Artificial intelligence and nanotechnology for cervical cancer treatment: Current status and future perspectives

Cancer epigenetics has become increasingly popular due to the reversible nature of epigenetic changes that tend to take place during carcinogenesis. Cervical tumorigenesis in influenced by epigenetic changes such as DNA methylation and acetylation. Several epigenetically active inhibitors targeting DNA methyltransferase (DNMTs) and histone deacetylases (HDACs) are either approved or under clinical trials to treat cervical cancer. However, most synthetic inhibitors have shown adverse side effects, off-target specificity, and are expensive. Hence, bioactive phytochemicals, widely available with lesser toxicity impacts, have been evaluated for their role in the modulation of epigenetic traits involved in gene regulation for cervical cancer prevention and therapy. Most of these phytochemicals potentially altered the expression of oncogenes and key tumor suppressor genes through modulation of DNA methylation and chromatin modification in different forms of cancer including cervical cancer. Even though these compounds exerted potential anti-tumor activity, there is a paucity of studies reported on their targeted delivery with desirable effects. In this scenario, nano-encapsulated drugs exhibited multiparametric anti-tumor activity, yet there are some crucial factors such as the tumor-microenvironment (TME) and toxicological effects of these nano-formulated therapeutics may pose a difficult task from its clinical use.
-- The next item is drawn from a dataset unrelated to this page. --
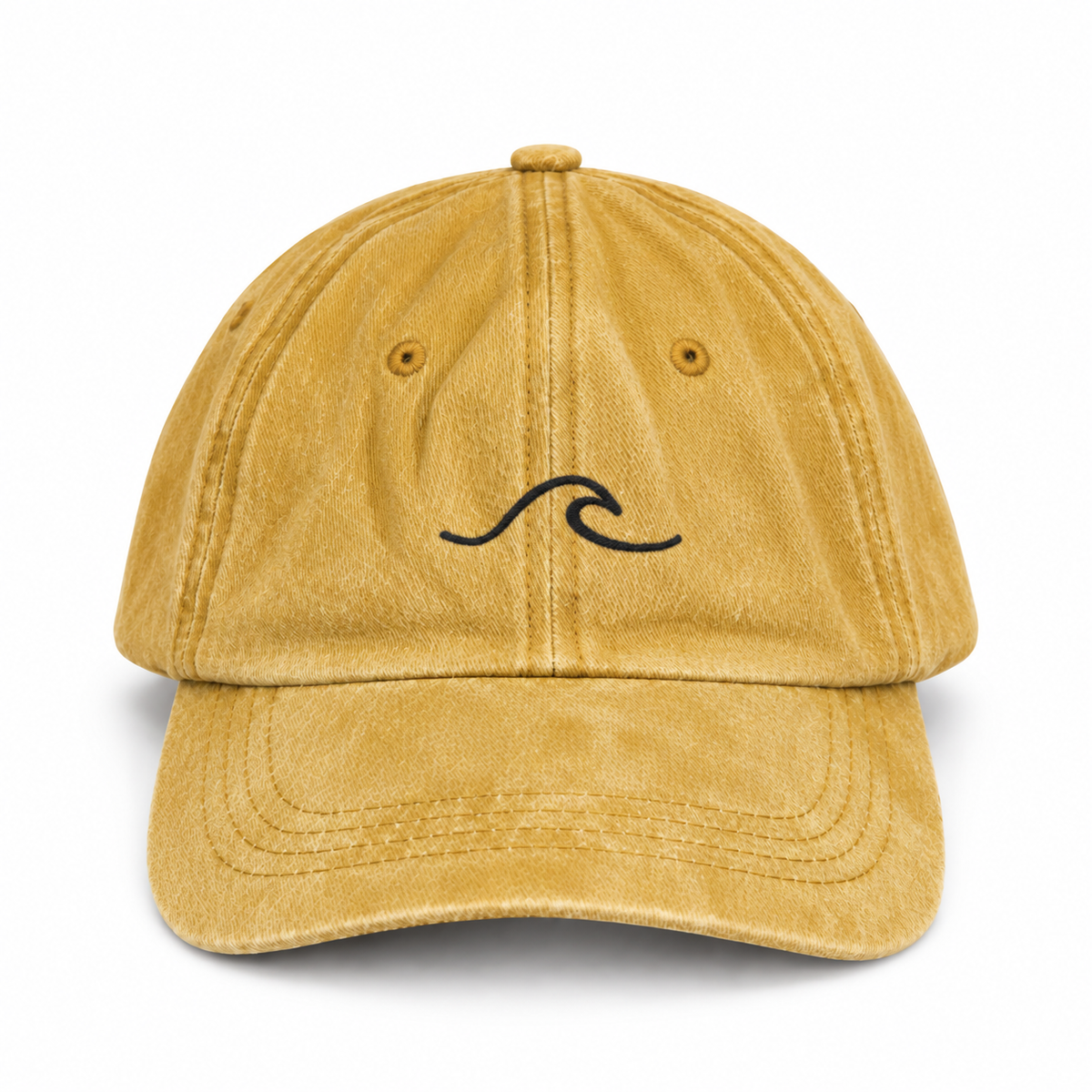 West Coast Sunday Co Wave Cap - Mustard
However, computational pharmaceutics employing artificial intelligence (AI) tools and nano-formulations might elevate the present therapeutic strategy compared to the conventional route. This review also supports significant future research for developing AI and nanotechnology based therapeutics that are needed for advanced, precise, and personalized healthcare systems.

Automated summary

Cancer epigenetics has gained attention for its reversible nature and role in cervical tumorigenesis. Synthetic inhibitors targeting DNA methylation and chromatin modification have limitations, leading to the evaluation of bioactive phytochemicals. These phytochemicals have shown potential in altering gene expression but targeted delivery is lacking. Nano-encapsulated drugs and computational pharmaceutics employing AI and nanotechnology may offer solutions in personalized healthcare.